Torniamo allora a chiederci: tanto rullar di tamburi di guerra solo a fini elettorali? La cosa non è da escludere in toto, ma nel caos che regna in tutto il Medio Oriente dallo scoppio delle Primavere arabe del 2011 l’Israele deve tenere sotto controllo la situazione perché il pericolo per la sua sopravvivenza può arrivare da qualsiasi paese. Si può discutere in che modo possa garantirsi questo controllo, ma non il diritto di salvaguardare la propria sicurezza. Nella congiuntura attuale la crescente militarizzazione dello scontro tra Israele e l’Iran sembra piuttosto un avvertimento lanciato dal premier israeliano non solo a Teheran ma anche a Macron (leggi Europa) che ha fatto apparire a sorpresa il ministro degli Esteri iraniano Javad Zarif al vertice del G7 di Biarritz, terminato il 26 agosto , e a Donald Trump che proprio a Biarritz non ha escluso la possibilità di incontrare il presidente iraniano Rouhani.

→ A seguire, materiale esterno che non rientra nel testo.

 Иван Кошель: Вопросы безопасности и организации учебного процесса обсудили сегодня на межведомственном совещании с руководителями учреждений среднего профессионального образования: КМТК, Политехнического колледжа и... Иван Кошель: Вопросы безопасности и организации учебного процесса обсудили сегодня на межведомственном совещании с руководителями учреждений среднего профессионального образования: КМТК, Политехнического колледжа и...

Dal canto suo Rouhani ha subito messo le mani avanti precisando che non ci potrà essere nessun incontro se gli Usa non ritireranno le sanzioni che hanno messo in ginocchio l’economia del suo Paese. Che il rendez-vous fatale avvenga o meno, per Netanyahu l’importante è aver lanciato il messaggio in maniera chiara: che gli Usa, i migliori alleati dello Stato ebraico, facciano quello che vogliono, ma – se si tratta dell’Iran – Israele è pronto a provvedere da sé alla tutela della propria sicurezza. Con tutti i rischi che questo che comporta.